Sensor Fusion by Spatial Encoding for Autonomous Driving

Quoc-Vinh Lai-Dang,Jihui Lee,Bumgeun Park,Dongsoo Har
2023-08-17
Abstract:Sensor fusion is critical to perception systems for task domains such as autonomous driving and robotics. Recently, the Transformer integrated with CNN has demonstrated high performance in sensor fusion for various perception tasks. In this work, we introduce a method for fusing data from camera and LiDAR. By employing Transformer modules at multiple resolutions, proposed method effectively combines local and global contextual relationships. The performance of the proposed method is validated by extensive experiments with two adversarial benchmarks with lengthy routes and high-density traffics. The proposed method outperforms previous approaches with the most challenging benchmarks, achieving significantly higher driving and infraction scores. Compared with TransFuser, it achieves 8% and 19% improvement in driving scores for the Longest6 and Town05 Long benchmarks, respectively.
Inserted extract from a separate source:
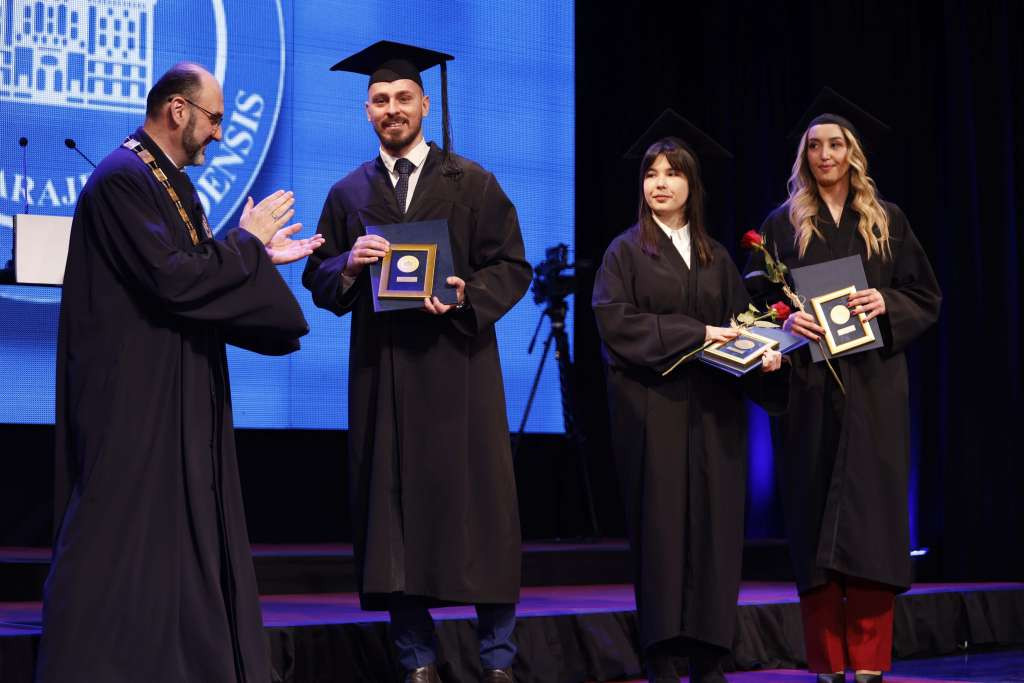 Održana promocija 3.633 diplomanta i magistranta Univerziteta u Sarajevu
Computer Vision and Pattern Recognition,Artificial Intelligence,Machine Learning,Robotics
What problem does this paper attempt to address?
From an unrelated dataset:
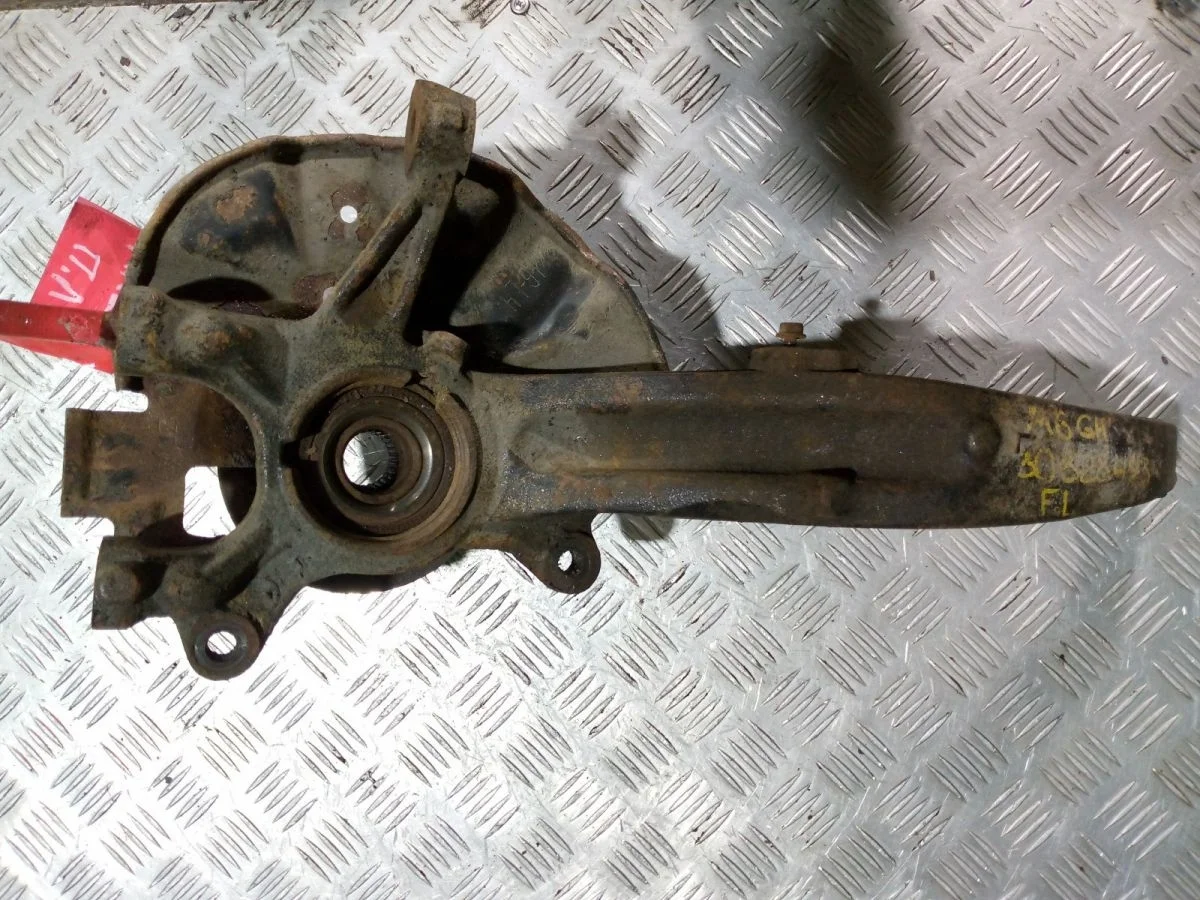 Кулак передний левый Mazda VI-GH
The problem that this paper attempts to solve is how to effectively fuse data from cameras and Light Detection and Ranging (LiDAR) in the field of autonomous driving to improve the vehicle's perception ability of the surrounding environment. Specifically, the paper focuses on how to combine the advantages of these two sensors, namely the semantic information provided by cameras and the three - dimensional geometric information provided by LiDAR, to enhance the performance of autonomous vehicles in complex traffic environments. ### Background and Challenges - **Cameras**: They can provide rich semantic information, such as recognizing traffic lights, pedestrians, etc., but lack three - dimensional depth perception. - **LiDAR**: It is good at understanding the geometric characteristics of 3D scenes, but has limited ability in detecting semantic objects, for example, it is difficult to recognize traffic lights. ### Solutions The paper proposes a Transformer - based multimodal fusion method. By using Transformer modules at multiple resolutions, it effectively combines local and global contextual relationships. The main contributions include: 1. **Feature Representation**: It combines sine position encoding and learnable sensor encoding to generate a more refined multimodal fusion feature representation. 2. **Safety and Interpretability**: The proposed fusion mechanism enhances the safety and interpretability of autonomous driving scenarios and helps to make more reliable decisions. 3. **Performance Improvement**: In two challenging CARLA benchmarks (Longest6 and Town05 Long), this method outperforms existing methods, especially achieving significant improvements in driving scores and violation scores. ### Experimental Results - **Longest6 Benchmark**: Compared with TransFuser, the driving score is increased by 8% and the violation score reaches 0.65. - **Town05 Long Benchmark**: The driving score is increased by 19% and the violation score reaches 0.73. ### Conclusion The method proposed in the paper not only improves the perception ability of autonomous vehicles in complex environments through effective multimodal fusion, but also enhances the safety and reliability of the system. Compared with existing methods, this method performs well in multiple benchmarks, proving its potential in practical applications.